Recently, The New Yorker published a piece titled “The End of the English Major.” The piece points to several factors, including that students in higher education reject important works as “problematic,” and some maintain that only postcolonial creations are valid.
Such thinking is disarming. A strong humanities education helps build critical-thinking skills, which many younger generations need improvement in, such as seeing the world from a fuller vantage point.
Studying humanities and western civilization allows us to explore human experiences and the human condition from various perspectives, including philosophy, history, religion, literature, art, and language.
Race-obsessed activists, bureaucrats, and academics have been hard at work trying to destroy a towering genius who has had an immeasurable — and profoundly edifying effect — on our culture.
Shakespeare’s work has infused itself into Western culture
Like the Bible, Shakespeare’s works are full of moral dilemmas and religious references that still ring true today. His contribution to humanism brought a new psychological realism and wisdom to drama and created believable characters, all different individuals showing humanity’s rich diversity. Shakespeare drew on classical and Renaissance ideas about the importance of reason, humankind, and human individualism. “To thine own self be true,” counsels Polonius in Hamlet, a vision of personal integrity that is fundamentally humanist in its stress on individuality rather than conformity.
What is it about Shakespeare that so captivated the mighty economic and social history?
Education reformers argue that there is plenty of misogyny, racism, homophobia, classism, anti-Semitism, and misogyny in Shakespeare. While some will say that this is absurd since the author of the plays was not writing essays or articles. Still, in the dramatic plays, in which he merely portrayed various social phenomena, agenda-driven academics seem intent on promoting their schemata at the expense of a literary figure once revered and celebrated by all.
I find the current criticism of Shakespeare as a means to destroy cannons absurd and regrettable, and the process is now quite advanced. All are designed by an academic-journalistic network that wishes to overthrow the canon to promote their supposed program of social change.
It seems that if we read the Western canon to form our social, political, or moral values, we’ll become worshipers of selfishness and exploitation. After all, we should not read in the service of ideology.
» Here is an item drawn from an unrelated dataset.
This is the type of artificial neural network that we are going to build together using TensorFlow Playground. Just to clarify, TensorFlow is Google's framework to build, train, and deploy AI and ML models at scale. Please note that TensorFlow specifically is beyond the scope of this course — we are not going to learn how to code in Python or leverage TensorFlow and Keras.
On the contrary, artistic power enables us to learn how to see ourselves and our confrontation with our mortality.
We must admit that there is a qualitative difference between Shakespeare and every other writer: originality. Shakespeare remains the most original writer we will ever know. No one, I mean, no one, has matched him as a psychologist, thinker, or rhetorician. He is the greatest dramatist, poet, and prose writer in the history of the language.
We need to remember that Shakespeare was a man of his time
He was a writer of the late-sixteenth and early-seventeenth centuries whose works exhibit sixteenth- and seventeenth-century methods of thinking and, like all distinguished writers, say something to us as well. He captured the spirit of his time — presenting blood, obscenity, passion, and politics to packed-out Elizabethan playhouses — and reverberated down through the centuries.
Timeless.
People who did certain things that were normal in their time but are now met with abhorrence exist, and nothing can change that. Removing reminders of them — such as plaques and statues — brings no benefits — on the contrary, it weakens the richness of historical detail and context and paints a false picture of history.
Thanks for your analysis. History is history. To erase it is to erase humanity. Now, how ridiculous is that?